Problem to solve — Transcribe the records in full; omit images.

Given records —

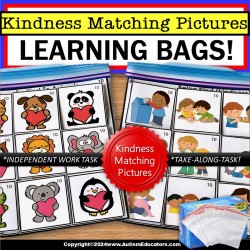 Special Education Learning Bag for Autism | Picture Matching Kindness Activities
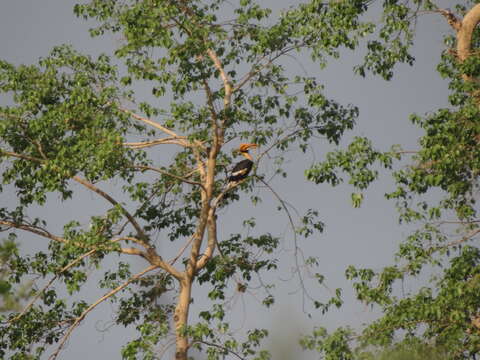 Image of Great Indian Hornbill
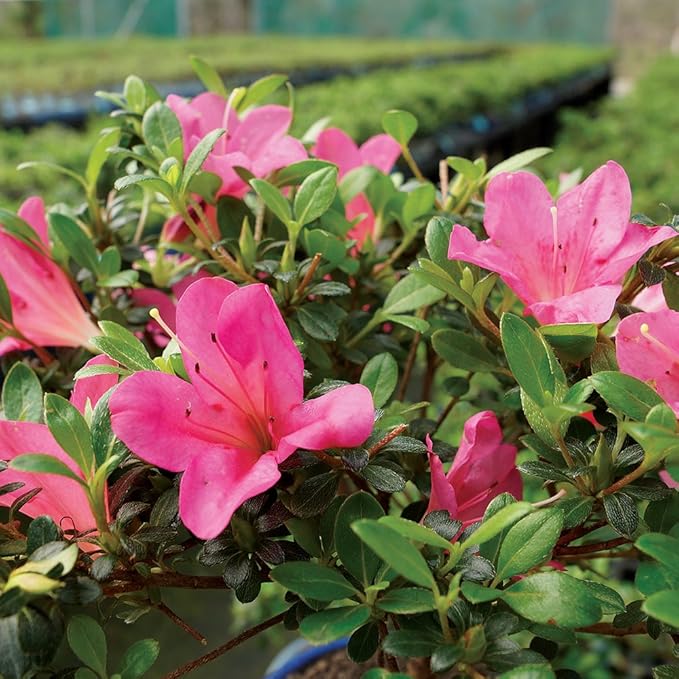 Brussel's Bonsai - Live Satsuki Azalea Bonsai Tree in Grower Pot, Outdoor Flowering Bonsai Tree Live Plant, 5 Years Old, 5-8 Inches Tall, Easy Care Plant for Patio Garden (Small)
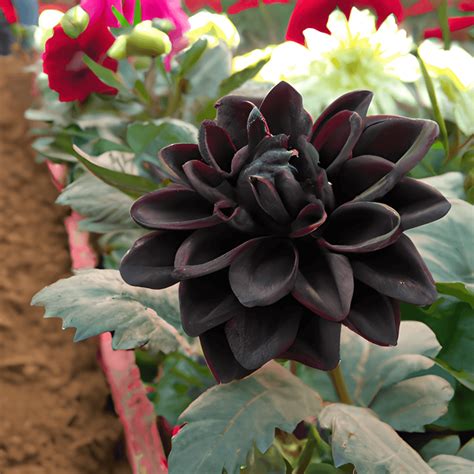Black Dahlia Flower Graphic · Creative Fabrica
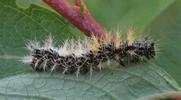 C-blanc ou Gamma (Polygonia C-album), chenille au stade 3, photo 4.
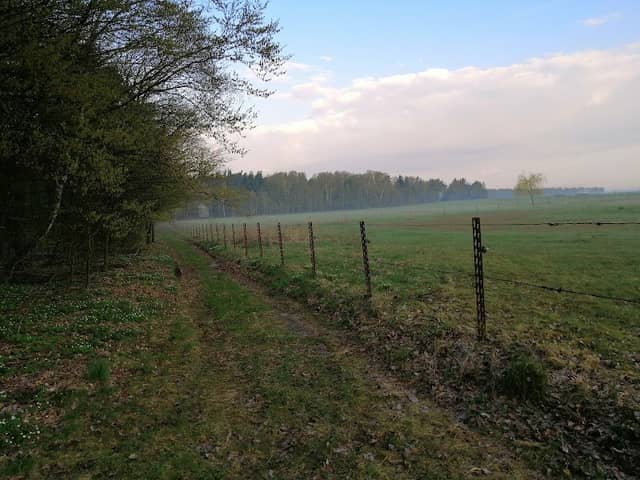 Wiata leśna - Image 2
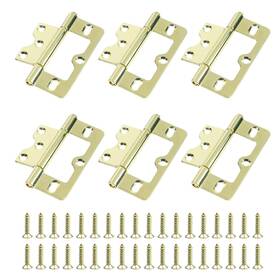 Wx0276 Wealrit 6 Pcs Self Closing Door Hinges Gold Heavy Duty Gate Hinge Non-mortise Hidden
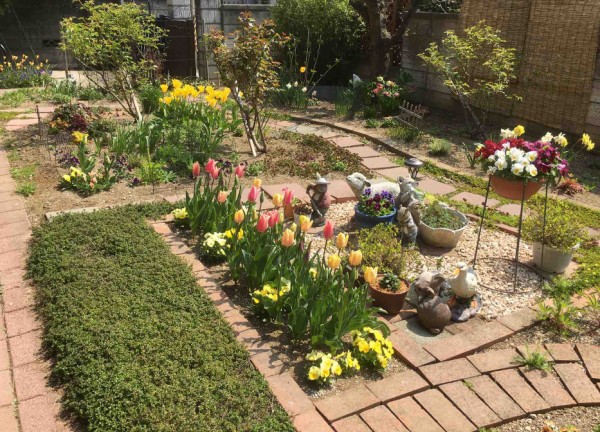 今年も咲いた チューリップの花が ガーデニングビギナーが始めるゆる い庭ライフ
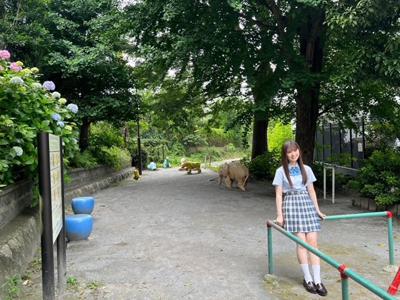 本日発売☆週刊少年チャンピオン☆そして真夏の全国ツアー大阪公演2日目！！ - 画像2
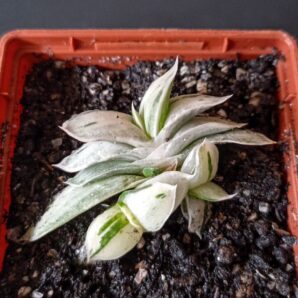 Gasteria Satu Satu no Matsu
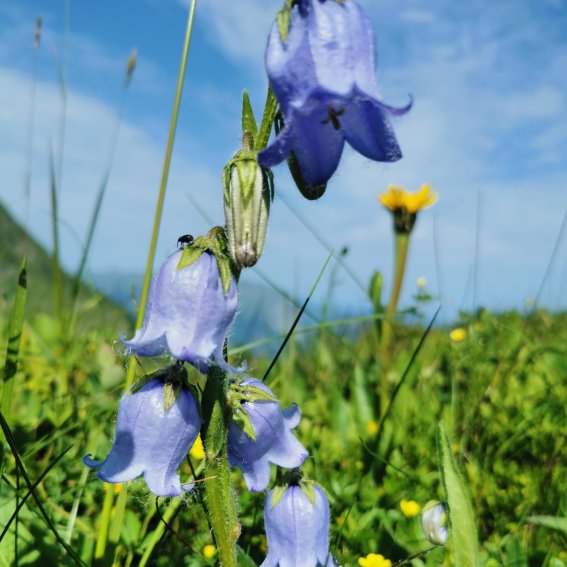 Bärtige Glockenblume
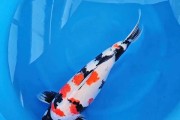 锦鲤为什么颜色变浅？（探索锦鲤颜色变浅的原因和影响）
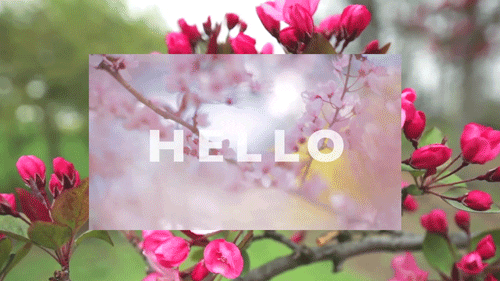hello spring.gif
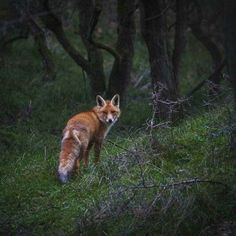 a red fox standing on top of a lush green forest covered in grass and trees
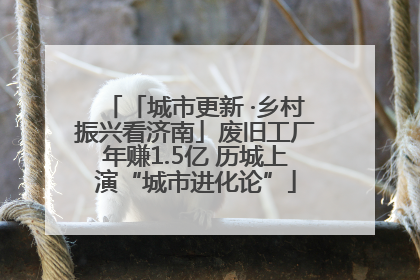 「城市更新 ·乡村振兴看济南」废旧工厂年赚1.5亿 历城上演“城市进化论”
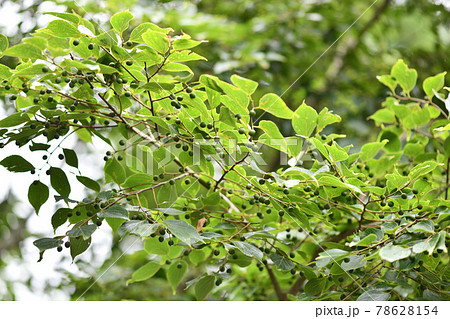 エノキ（榎）の未熟な果実 78628154
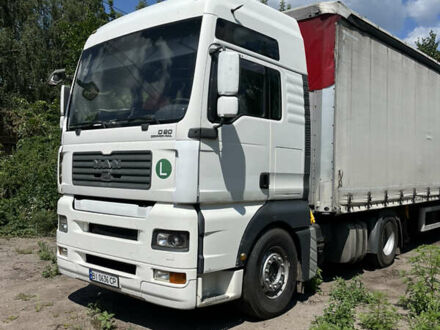 МАН TGA 2005 у Лубнах на Automoto.ua Білий МАН TGA, об'ємом двигуна 10.52 л та пробігом 900 тис. км за 7500 $, фото 1 на Automoto.ua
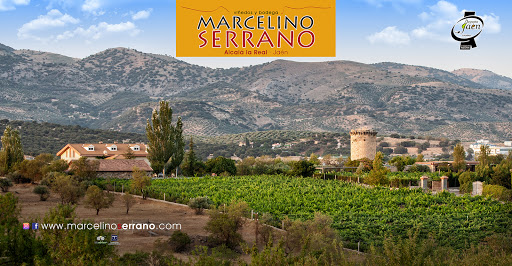 BODEGA: Viñedos y Bodega Marcelino Serrano ubicada en Alcalá la Real (Jaén)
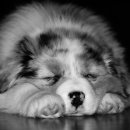 건강한 강아지 이미지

Task solution —
 Special Education Learning Bag for Autism | Picture Matching Kindness Activities
 Image of Great Indian Hornbill
 Brussel's Bonsai - Live Satsuki Azalea Bonsai Tree in Grower Pot, Outdoor Flowering Bonsai Tree Live Plant, 5 Years Old, 5-8 Inches Tall, Easy Care Plant for Patio Garden (Small)
Black Dahlia Flower Graphic · Creative Fabrica
 C-blanc ou Gamma (Polygonia C-album), chenille au stade 3, photo 4.
 Wiata leśna - Image 2
 Wx0276 Wealrit 6 Pcs Self Closing Door Hinges Gold Heavy Duty Gate Hinge Non-mortise Hidden
 今年も咲いた チューリップの花が ガーデニングビギナーが始めるゆる い庭ライフ
 本日発売☆週刊少年チャンピオン☆そして真夏の全国ツアー大阪公演2日目！！ - 画像2
 Gasteria Satu Satu no Matsu
 Bärtige Glockenblume
 锦鲤为什么颜色变浅？（探索锦鲤颜色变浅的原因和影响）
hello spring.gif
 a red fox standing on top of a lush green forest covered in grass and trees
 「城市更新 ·乡村振兴看济南」废旧工厂年赚1.5亿 历城上演“城市进化论”
 エノキ（榎）の未熟な果実 78628154
 МАН TGA 2005 у Лубнах на Automoto.ua Білий МАН TGA, об'ємом двигуна 10.52 л та пробігом 900 тис. км за 7500 $, фото 1 на Automoto.ua
 BODEGA: Viñedos y Bodega Marcelino Serrano ubicada en Alcalá la Real (Jaén)
 건강한 강아지 이미지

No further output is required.